[WHAT YOU NEED TO DO]
From the line containing "sengegavl med LED-lys" down to the final line of the entries below, restate each line word for word and add nothing.

[SUPPLIED MATERIAL]
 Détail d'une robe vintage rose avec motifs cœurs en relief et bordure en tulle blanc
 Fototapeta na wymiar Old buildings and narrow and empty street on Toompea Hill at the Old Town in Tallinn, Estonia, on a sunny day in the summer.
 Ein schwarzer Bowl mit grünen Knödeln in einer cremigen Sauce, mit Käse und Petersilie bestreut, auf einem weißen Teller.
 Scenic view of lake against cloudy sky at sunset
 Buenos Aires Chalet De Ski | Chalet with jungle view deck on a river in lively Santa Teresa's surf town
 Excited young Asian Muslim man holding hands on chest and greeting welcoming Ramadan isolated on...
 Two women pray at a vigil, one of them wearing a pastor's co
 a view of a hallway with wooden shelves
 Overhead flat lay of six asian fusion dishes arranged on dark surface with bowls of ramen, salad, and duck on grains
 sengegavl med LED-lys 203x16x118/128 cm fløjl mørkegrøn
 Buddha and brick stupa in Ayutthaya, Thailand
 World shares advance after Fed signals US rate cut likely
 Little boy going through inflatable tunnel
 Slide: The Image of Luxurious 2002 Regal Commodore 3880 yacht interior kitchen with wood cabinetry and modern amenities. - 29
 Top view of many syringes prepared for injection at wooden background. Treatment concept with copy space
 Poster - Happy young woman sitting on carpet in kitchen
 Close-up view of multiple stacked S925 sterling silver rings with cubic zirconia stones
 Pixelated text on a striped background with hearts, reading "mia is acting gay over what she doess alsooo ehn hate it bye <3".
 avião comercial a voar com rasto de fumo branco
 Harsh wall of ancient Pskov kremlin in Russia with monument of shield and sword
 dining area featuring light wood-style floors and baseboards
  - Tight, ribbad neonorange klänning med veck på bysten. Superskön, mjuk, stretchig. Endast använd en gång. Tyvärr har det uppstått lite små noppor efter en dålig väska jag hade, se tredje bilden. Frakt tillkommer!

[EXPECTED OUTPUT]
 sengegavl med LED-lys 203x16x118/128 cm fløjl mørkegrøn
 Buddha and brick stupa in Ayutthaya, Thailand
 World shares advance after Fed signals US rate cut likely
 Little boy going through inflatable tunnel
 Slide: The Image of Luxurious 2002 Regal Commodore 3880 yacht interior kitchen with wood cabinetry and modern amenities. - 29
 Top view of many syringes prepared for injection at wooden background. Treatment concept with copy space
 Poster - Happy young woman sitting on carpet in kitchen
 Close-up view of multiple stacked S925 sterling silver rings with cubic zirconia stones
 Pixelated text on a striped background with hearts, reading "mia is acting gay over what she doess alsooo ehn hate it bye <3".
 avião comercial a voar com rasto de fumo branco
 Harsh wall of ancient Pskov kremlin in Russia with monument of shield and sword
 dining area featuring light wood-style floors and baseboards
  - Tight, ribbad neonorange klänning med veck på bysten. Superskön, mjuk, stretchig. Endast använd en gång. Tyvärr har det uppstått lite små noppor efter en dålig väska jag hade, se tredje bilden. Frakt tillkommer!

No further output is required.